В стихотворении В. Ходасевича «Граммофон» ребенка будит не надрывающийся «Травиатой» граммофон, а прянувшая к нему тишина. «Внезапно мать мембрану подняла – / Сон сорвался, дитя проснулось, / Оно кричит. Из темного угла / Вся тишина в него метнулась…»[156]. Чуткий к своему внутреннему человеку, Ходасевич сравнивает его с «грозной тишиной», которою Создатель поражает нас как громом. Внешний, земной человек Ходасевича умоляет Творца: «Ты сна не прерывай / Для вечной ночи, слишком звездной». Не под живой голос заснул ребенок, а под механический, и эта механическая Травиата в каком-то смысле есть некий собирательный образ музыкальных пристрастий «земляного» человека, боящегося «слишком звездной ночи», музыки сфер как чего-то чуждого ему, замогильного.
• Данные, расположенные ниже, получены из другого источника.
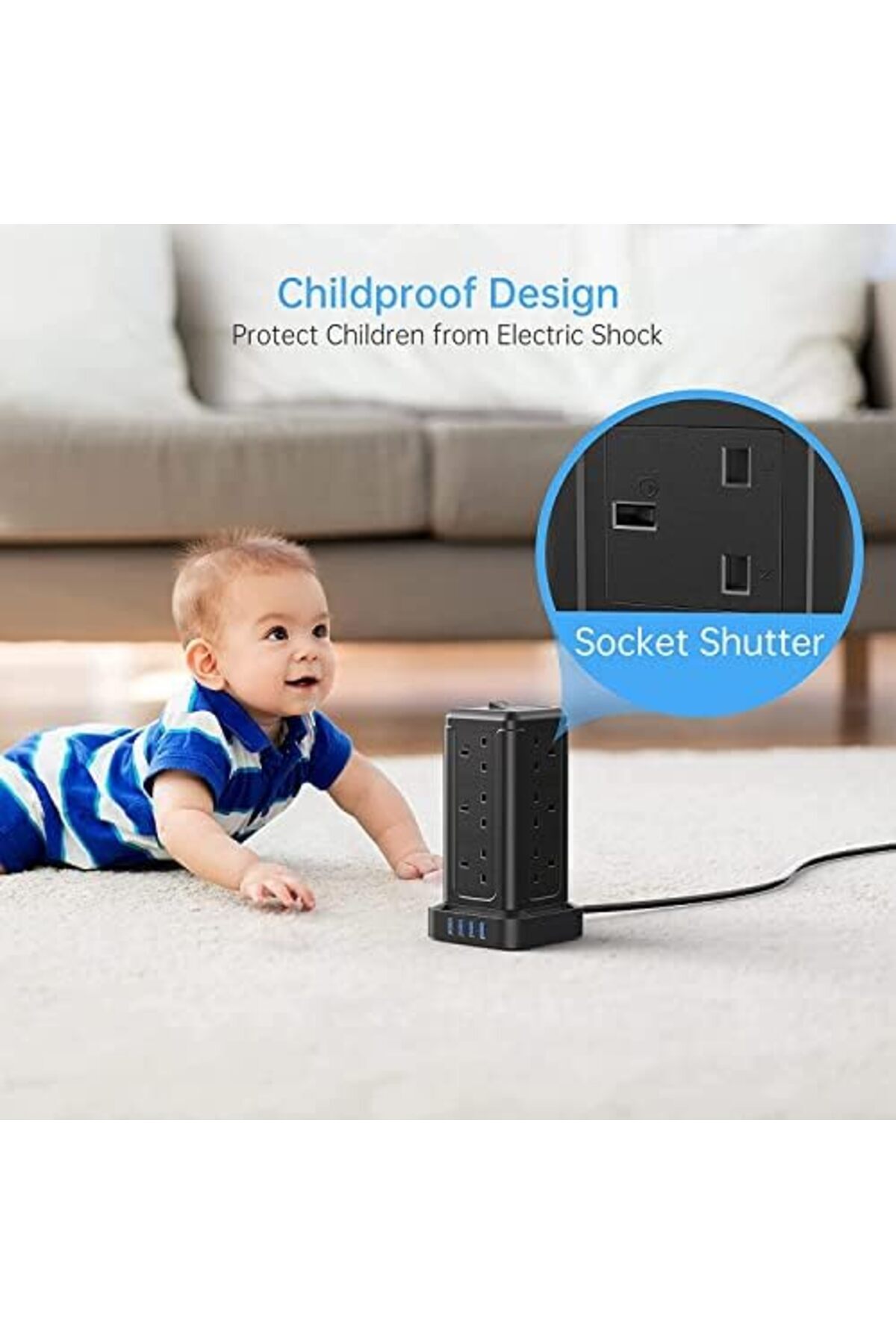 BEPITECH-Power Extension Cord Tower, 12 Power Sockets Desktop Charging Station 2500W, 4 Smart USB Sl 8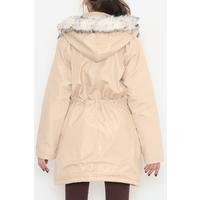 Fur Lined Hooded Coat Beige - 8123.1316.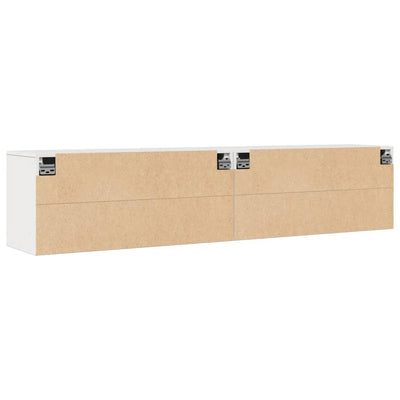 Wall Cabinets 2 pcs White 80x30x35 cm Solid Wood Pine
Внешний человек является носителем механистического мировоззрения, которое Вл. Соловьев сравнивает и едва ли не отождествляет с материализмом[157]. Было бы ошибкой считать, что существуют люди механистического мировоззрения, этим духовным недугом поражен только наш внешний человек. Его музыкальные предпочтения примитивны с точки зрения классической культуры, потому что они отражают либо ритмы нашей биологической жизни, того, что О. Шпенглер называл «темным обычаем существования»[158], либо ритмы производственных процессов, которыми пронизано индустриальное общество. Внешний человек, начиная с эпохи «восстания масс», это еще и массовый, индустриальный человек. Образно выражаясь, музыка внешнего человека отражает внутренние переживания машины, в том числе и человеческого организма как некоего автомата. Она подобна сну или бреду механизма. Она, прибегнем к метафоре, есть панегирик всем состояниям металла, ода всем изделиям из металла – скальпелю, мембране, пуле, – гимн металлу как самому убедительному символу материи. Она заставляет металл мыслить. Человек уже не «мыслящий тростник»[159], каким его видел Паскаль, а мыслящий металл, каким его видят утописты всех мастей. Словом, музыка эта удивительно точно, с виртуозностью почти немыслимой отражает метаморфозы материи, но не духа. Она – слуховой Голем, сотворенный нашим внешним, улавливающим только ритмы конвейера человеком. Так механическая сторона всего существующего, оспаривать которую было бы безумием[160], вероломно подрезает крылья другим сторонам жизни, не говоря уже о «реальности незримого», которая, не лишним будет заметить, добросовестно имитируется музыкой внешнего человека, но в своей сокровенной глубине отрицается со всей возможной и доступной материи силой. Имитация и симуляция – вечные спутники внешнего бытия…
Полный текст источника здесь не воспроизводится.